### [WORK INSTRUCTIONS]
The exercise calls for the lines from the one containing "this 1270×952 image." to the end of the data below to be output exactly, pictures excluded.

### [DATA FOR ANALYSIS]
= = = = = = =
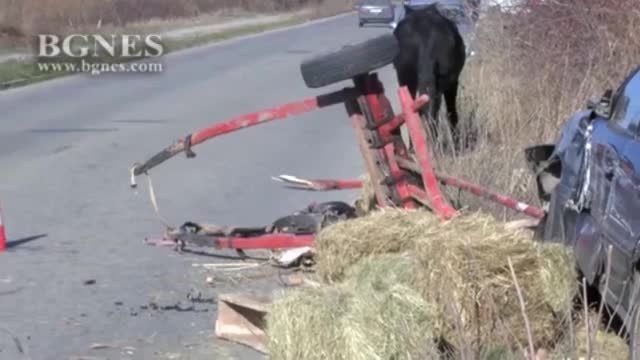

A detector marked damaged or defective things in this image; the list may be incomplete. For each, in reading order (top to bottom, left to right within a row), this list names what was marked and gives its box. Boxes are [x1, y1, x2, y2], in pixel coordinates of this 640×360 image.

damaged blue car [524, 64, 640, 354]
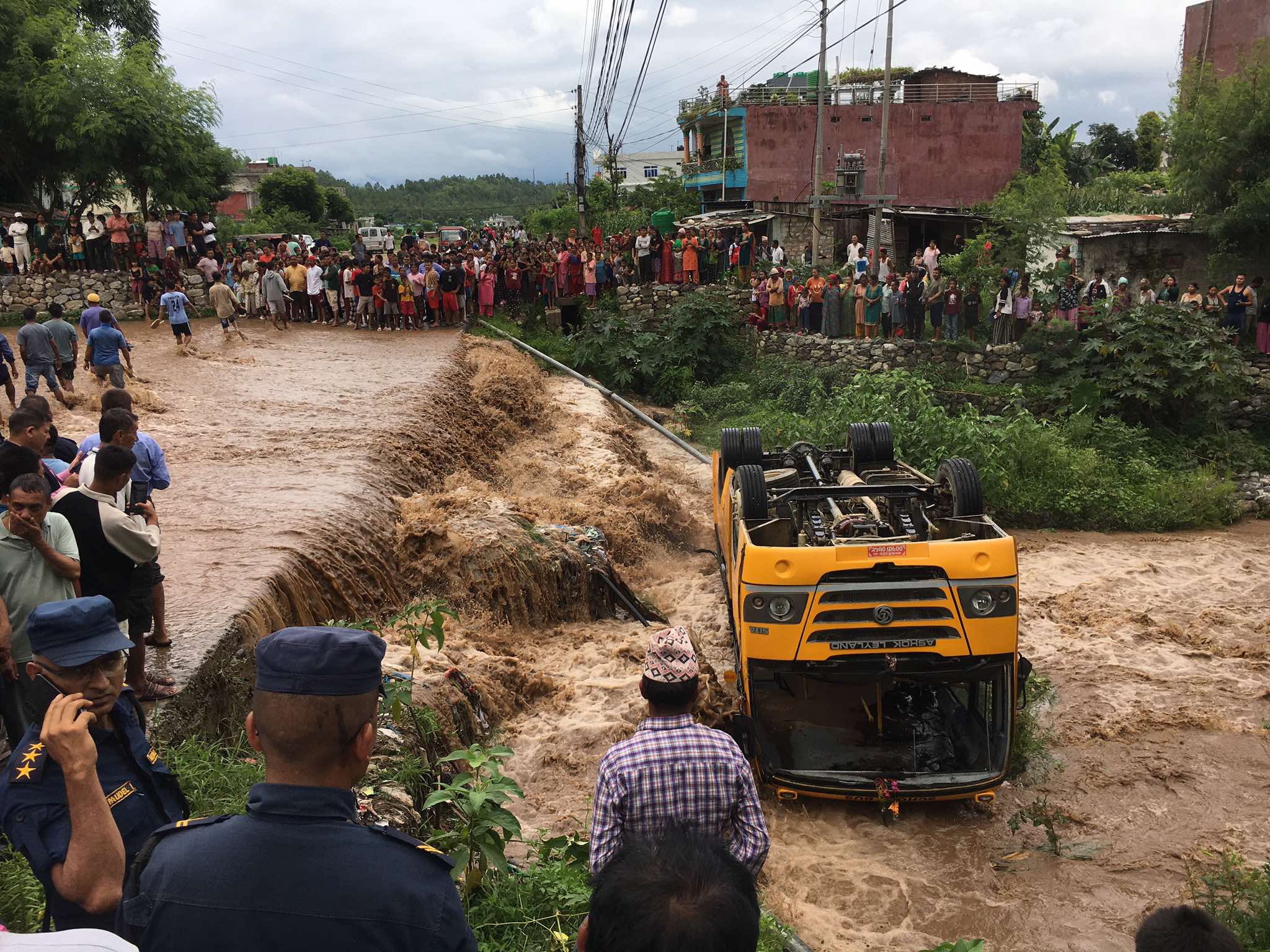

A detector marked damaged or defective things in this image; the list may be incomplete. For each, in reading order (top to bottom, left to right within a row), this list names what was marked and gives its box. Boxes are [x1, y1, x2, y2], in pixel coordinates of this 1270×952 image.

overturned yellow bus [719, 424, 1027, 803]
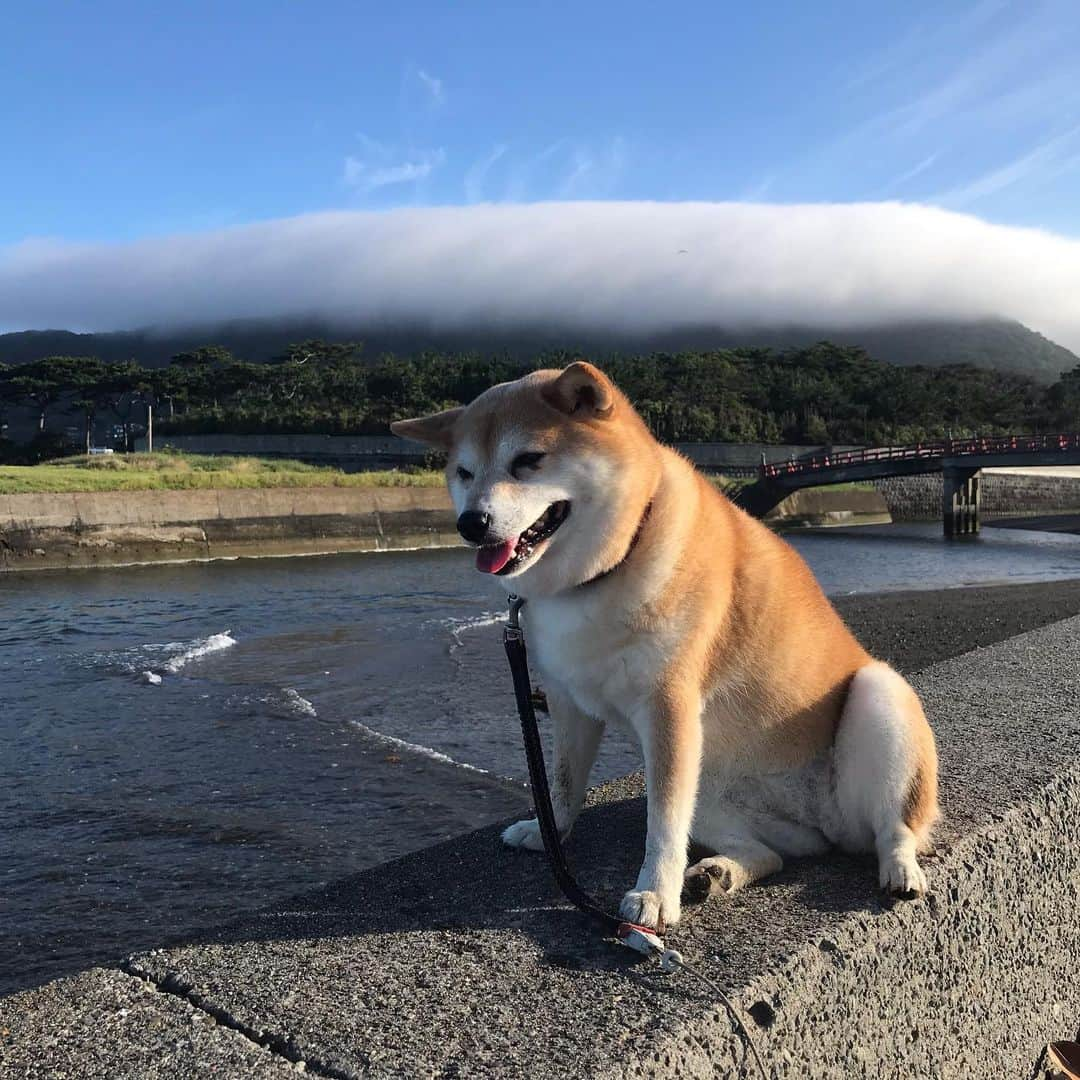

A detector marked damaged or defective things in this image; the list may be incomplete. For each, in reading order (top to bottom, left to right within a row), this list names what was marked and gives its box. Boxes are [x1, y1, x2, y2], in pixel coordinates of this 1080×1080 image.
= = = = = = =
### [ANSWER TO THE PROBLEM]
A detector marked damaged or defective things in this image; the list may be incomplete. For each, in reading order (top to bottom, left to right within a row), this list names what was marked and gives its box. Boxes are [x1, y1, x2, y2], in pixel coordinates of this 1270×952 image.

overturned yellow bus [719, 424, 1027, 803]

A detector marked damaged or defective things in this image; the list may be incomplete. For each, in reading order (top to bottom, left to right within a row), this list names what was marked and gives its box. Boxes are [x1, y1, x2, y2], in pixel coordinates of this 1080×1080 image.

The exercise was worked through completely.